AIM OF THE TASK
Only the lines below from the one that contains "Tropical Christmas Palm" through the one that contains "Blue Knight Family" should appear in your answer, exact and without pictures.

======== DATASET RECORDS

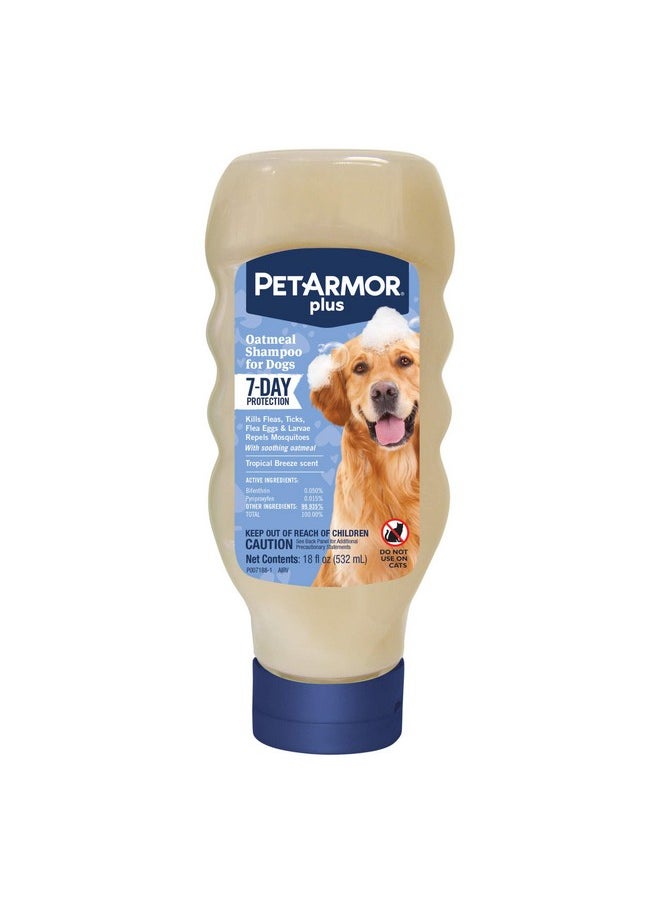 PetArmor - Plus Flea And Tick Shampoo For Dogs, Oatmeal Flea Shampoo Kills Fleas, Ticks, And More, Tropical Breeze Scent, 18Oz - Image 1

================
======== DATASET RECORDS

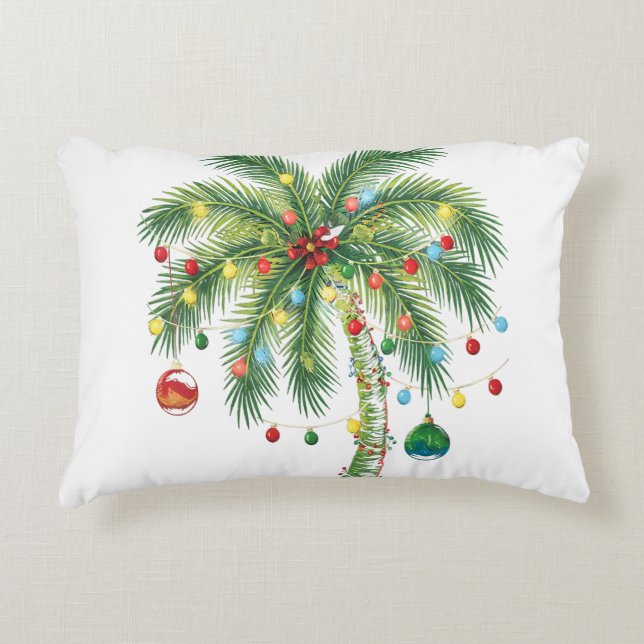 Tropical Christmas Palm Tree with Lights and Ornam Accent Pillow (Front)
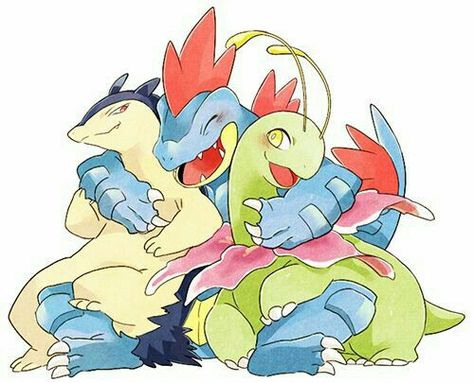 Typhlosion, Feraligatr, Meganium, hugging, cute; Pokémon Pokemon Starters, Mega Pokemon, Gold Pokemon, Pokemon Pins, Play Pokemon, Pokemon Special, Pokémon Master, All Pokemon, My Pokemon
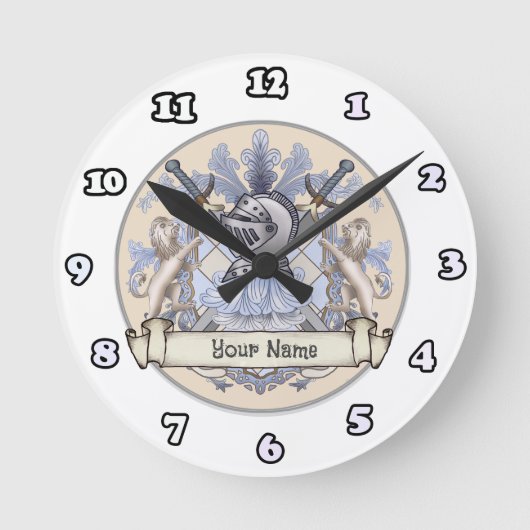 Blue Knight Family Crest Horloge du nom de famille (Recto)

================

WORKED SOLUTION
 Tropical Christmas Palm Tree with Lights and Ornam Accent Pillow (Front)
 Typhlosion, Feraligatr, Meganium, hugging, cute; Pokémon Pokemon Starters, Mega Pokemon, Gold Pokemon, Pokemon Pins, Play Pokemon, Pokemon Special, Pokémon Master, All Pokemon, My Pokemon
 Blue Knight Family Crest Horloge du nom de famille (Recto)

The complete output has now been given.